There is also an growing focus on building the endowments of indigenous philanthropic institutions. Endowment building has been an integral part of organizational development at the National Foundation for India, India Foundation for the Arts, Bangladesh Freedom Foundation and other new, private foundations across South Asia. It has been a topic of significant discussion with the Tata Trusts, leaders in the Indian philanthropic community, and among the philanthropists associated with India’s high-tech companies in Bangalore and Hyderabad, several of whom have established corporate or family foundations.[4]

Challenges to be faced

Whatever form an endowment takes, one key concern is whether donors and recipient organizations can use the endowment process as a catalyst for organizational change and resource mobilization. There is a strong risk that endowments may begin to be viewed as a panacea, a blanket solution for organizational and social issues.

Another problem is growing an endowment in economies where capital markets are in early stages of development. In South Asia, where stock markets are new, interest rates are often low, and organizations cannot afford to take any significant risk in growing endowment funds to the point that endowment income can make a significant impact on programmes – a conundrum of endowment growth that is sometimes termed the ‘tyranny of the numbers’.

One thing is clear: endowment as a tool of grantmaking, as a means for organizational development, and as a strategy for the growth of indigenous grantmaking institutions is now a permanent feature of the Indian and South Asian philanthropic environment.

Mark Sidel served as program officer for philanthropy and the nonprofit sector, Ford Foundation (New Delhi), 1999–2000. He is now associate professor of law, University of Iowa College of Law and Obermann Center for Advanced Studies.  He can be contacted by email at mark-sidel@uiowa.edu.

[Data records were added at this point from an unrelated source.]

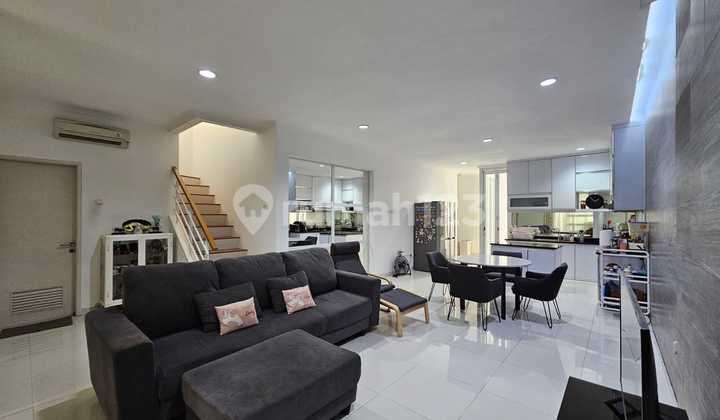 For Sale House in Cluster Castilla - BSD City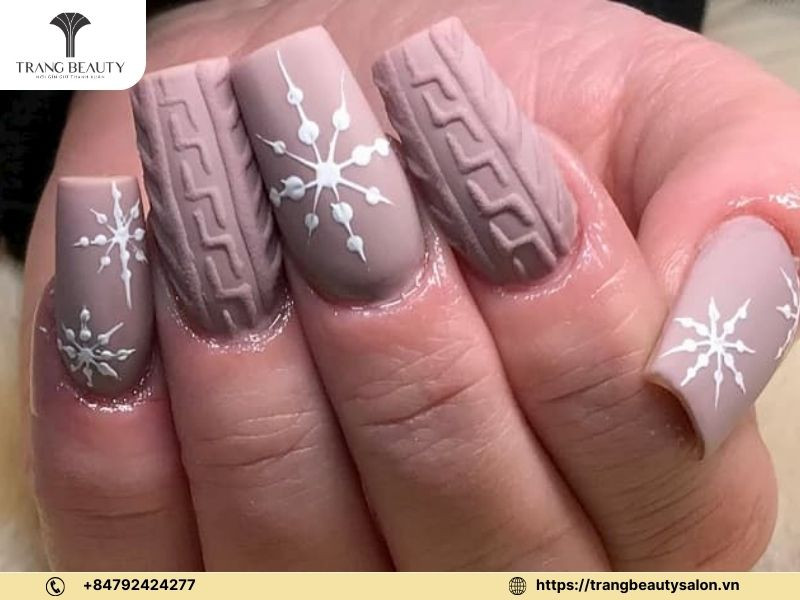 Khám Phá Các Mẫu Vẽ Hoa Móng Tay Đẹp Tuyệt Mỹ Cho Phái Nữ Mẫu nail hoa tuyết nâu ấm cúng và đẹp mắt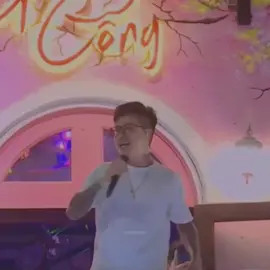 Anh mặc tất cả mọi thứ ngoại trừ em #replaynhac #lyrics #caucoirmx #tuanhung #gapdoiyeuthuong 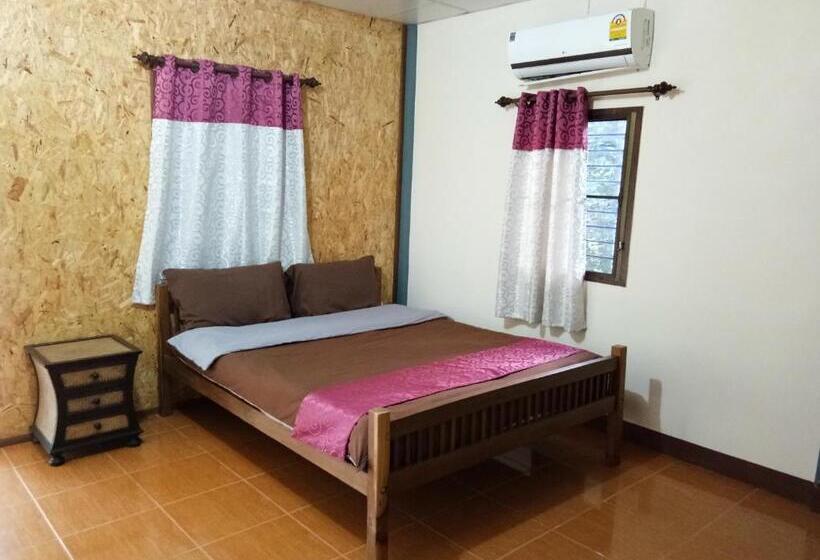 발코니 디럭스 룸, Ban Suan Sukjai Mae Sariang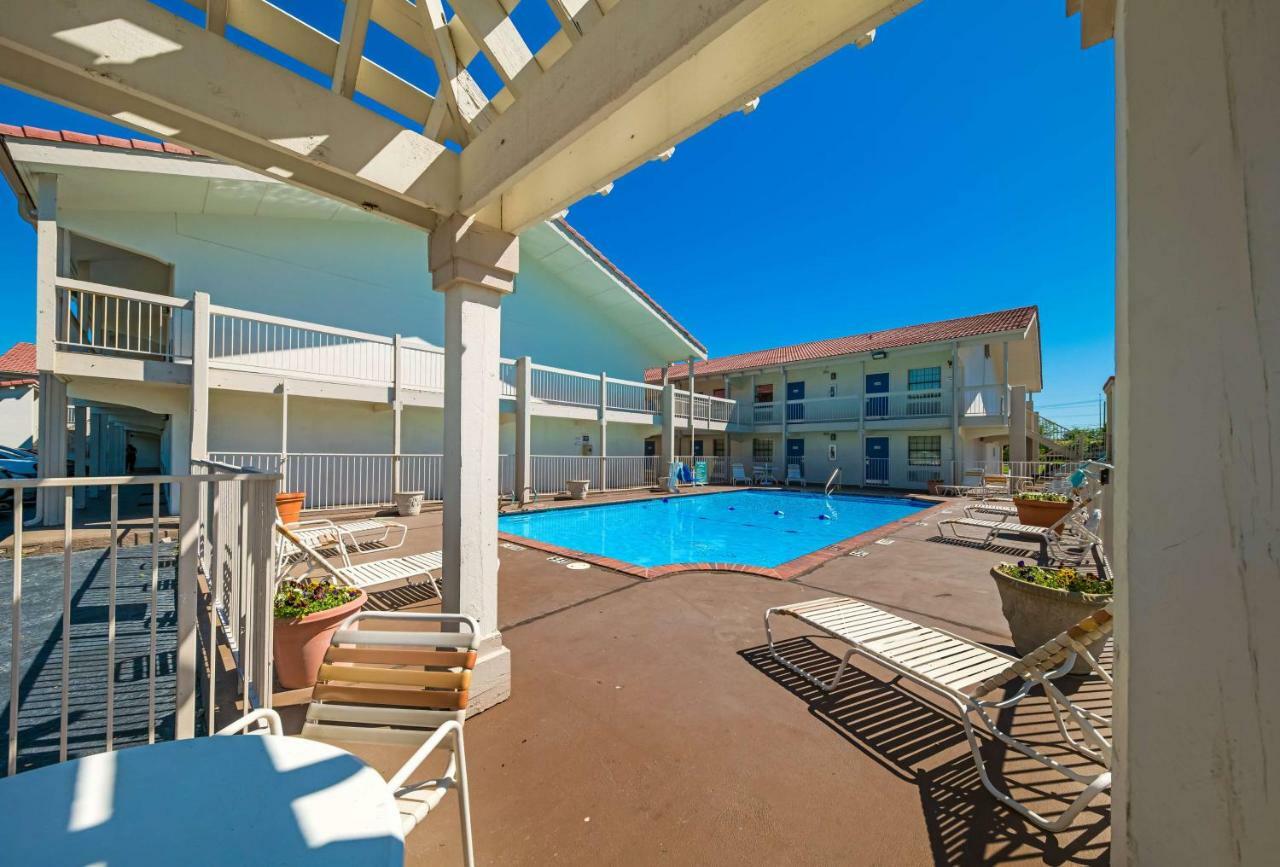 Motel 6-Dallas, Tx - Farmers Branch Ngoại thất bức ảnh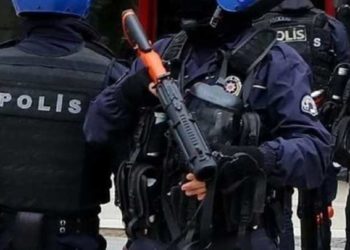 تركيا تعتقل أعضاءً من “الثوري اﻹيراني” كانوا يخططون لاستهداف مصالح دولة ثالثة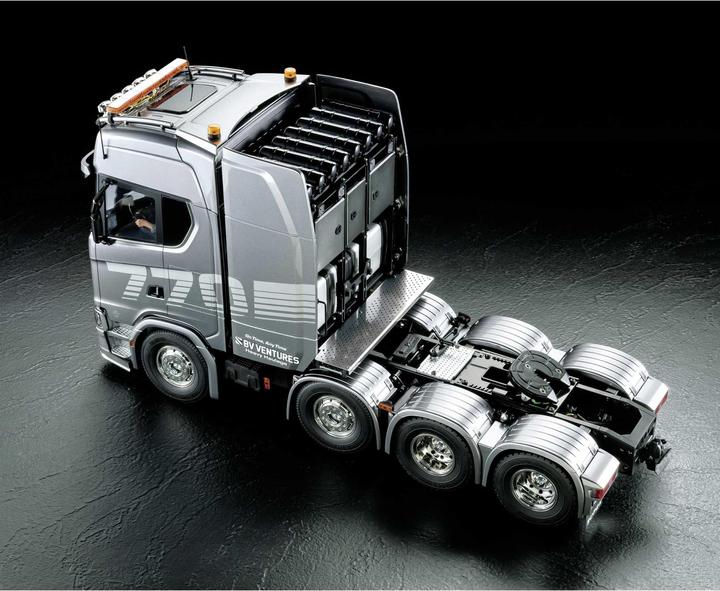 Actual product image Tamiya 1/14 RC Scania 8x4/4 Gun Metal (Kit)
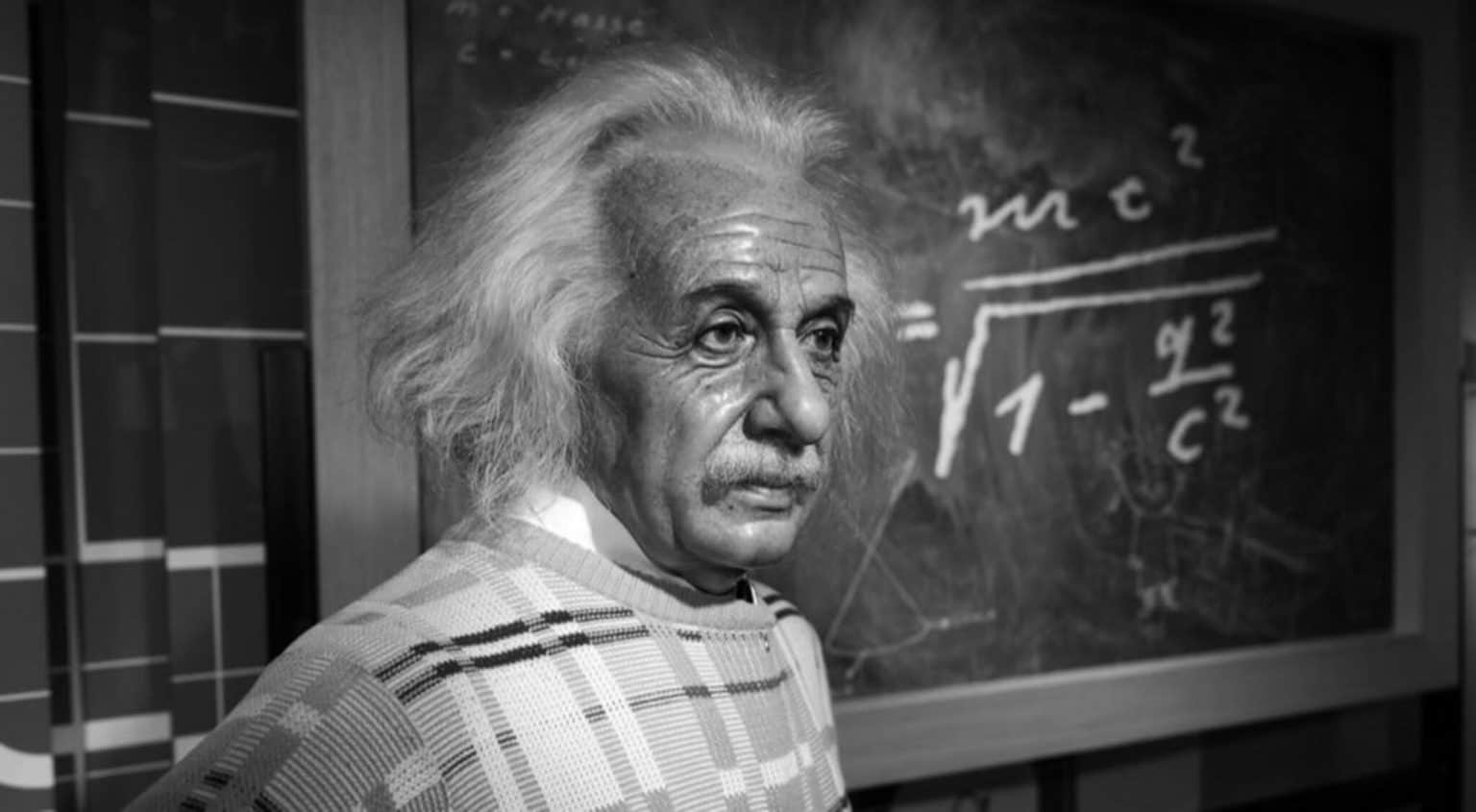 einstein 1 1536x845 1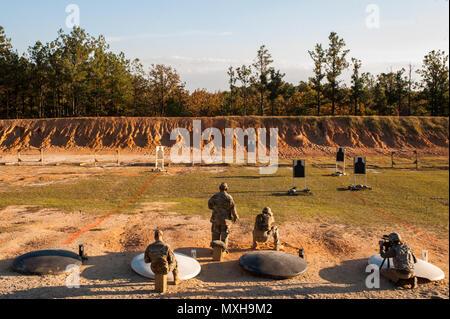 Master Sgt. Robert Mango, mit der 9 Mission Support Command und der US-Armee finden Bekämpfung Treffsicherheit Programm, engagiert sich beweglichen Zielen am dritten Tag der US-Armee den Befehl Waffen Treffsicherheit Wettbewerb Nov. 9, 2016, Fort Bragg, N.C. Die 4-tägige Wettbewerb FORSCOM verfügt über Scharfschützen aus der US-Army, US-Army Reserve und der Nationalgarde in Veranstaltungen für die M9 Pistole, die M4A1 Rifle und das M249 SAW oder Squad automatischen Waffe, für die Soldaten, die darüber hinaus Experte Sportschützen erkennen. Die mehrstufige Ereignisse Herausforderung Fähigkeit der Wettbewerber zu genau und schnell en Stockfoto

1  Tushaah Shah (1999) The Art of Giving: Supporting creative initiatives through endowments The Policy School and Sir Ratan Tata Trust.

2  For information on the Pakistan conference and the new Pakistan Centre for Philanthropy, contact Ahmed Shaikh at AKF Pakistan at ahmed.shaikh@akfp.org; on the Bangladesh Freedom Foundation, contact Executive Director Iftekhar Zaman at edbff@bdcom.com

3  For further discussion of these models, including case studies, see Innovative Endowment Building and Investment: Strategies towards building and investing endowment funds (2000) APPC,  Philippine Business for Social Progress, Synergos Institute.

4  These include the Infosys Foundation, the Azim Premji Foundation and other Bangalore entities, and the Reddy Foundation for Human and Social Development, Naandi Foundation and other Hyderabad institutions. For further information, see Mark Sidel (2001) New Economy Philanthropy in the High Technology Communities of Bangalore and Hyderabad, India: Partnership with the state and the ambiguous search for social innovation (manuscript).